The XML schema information is also processed by a schema processor and node code generator 1004 to yield corresponding node codes as correspond to that XML schema information. These node codes then serve to instantiate a corresponding schema information table 1005 that is stored, in this illustrative embodiment, in a server-side database 1006 of choice. These node codes are also provided to an XML instance document processor 1007 that also receives the aforementioned XML instance information.
This XML instance document as a function, at least in part, of the XML schema-based node codes to yield the aforementioned instance table 1008. This instance table 1008 is stored in the aforementioned database 1006 and is also provided to an instance table compressor 1009. In this illustrative embodiment the instance table compressor 1009 compresses the instance table 1008 to yield a corresponding binary instance table 1010.
In this illustrative embodiment, both the binary schema 1003 and the binary instance table 1010 are transmitted via at least one intervening network 1011 to a receiving client. This network 1011 may comprise, at least in part, a wireless network of choice. In such an application setting, the receiving client can comprise, for example, a cellular telephone, a handheld computer, or the like.
The receiving client comprises a schema decoder 1012 that recovers the XML schema information in textual form, which is then used, in part, to provide a corresponding reconstructed XML document 1013 as corresponds to the original XML document 1001. The scheme decoder 1012 also provides corresponding output to a schema processor and node code generator 1014 to thereby facilitate creation of a corresponding schema information table 1015. A client-side database 1016 can receive this schema information table 1015 for local retention.
An instance table de-compressor 1017 receives and processes the binary instance table 1010 to provide a resultant recovered instance table 1018. The aforementioned client-side database 1016 can receive this instance table 1018 if desired. In any event, an instance decoder 1019 uses both this instance table 1018 and the previously mentioned schema information table 1015 to recover the XML instance information in textual form. The latter is then used to reconstruct the XML document 1013 itself.

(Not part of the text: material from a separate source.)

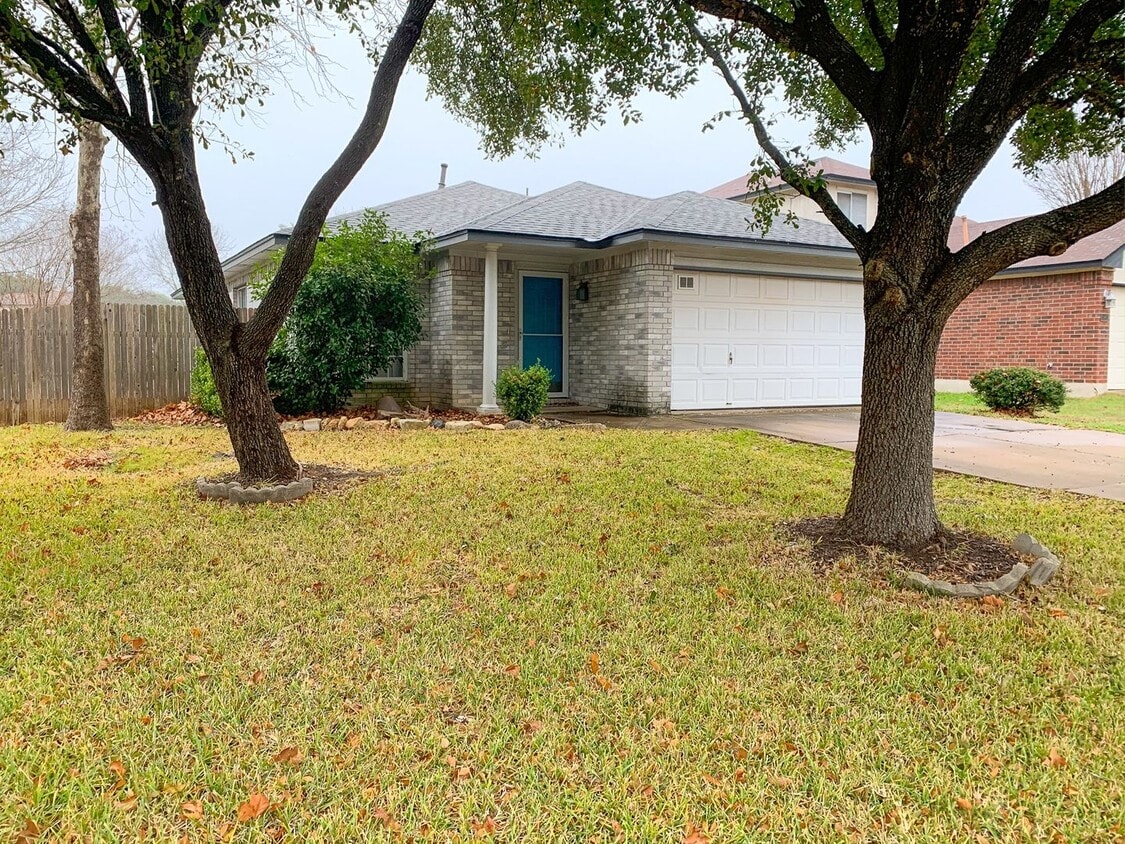 Primary Photo - Great Cedar Park Home - Come See TODAY!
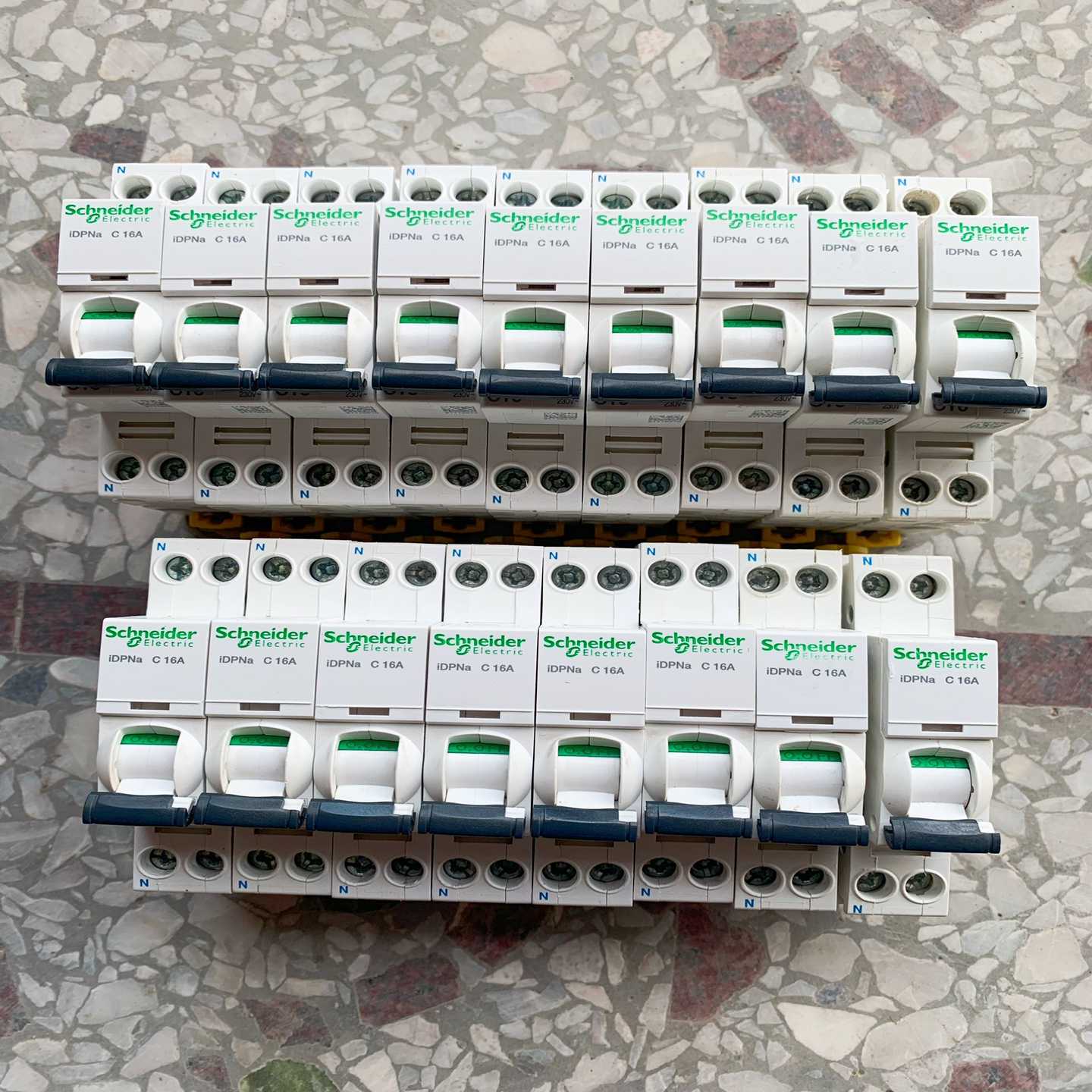 施耐德iDPNa1PN16a空气开关--议价商品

These teachings therefore define a unique method and apparatus that creatively and effectively reduces processing time for both the sender and receiver, and that provides substantial savings in network bandwidth upon sending XML data from sender to receiver.
Those skilled in the art will recognize that a wide variety of modifications, alterations, and combinations can be made with respect to the above described embodiments without departing from the spirit and scope of the invention, and that such modifications, alterations, and combinations are to be viewed as being within the ambit of the inventive concept.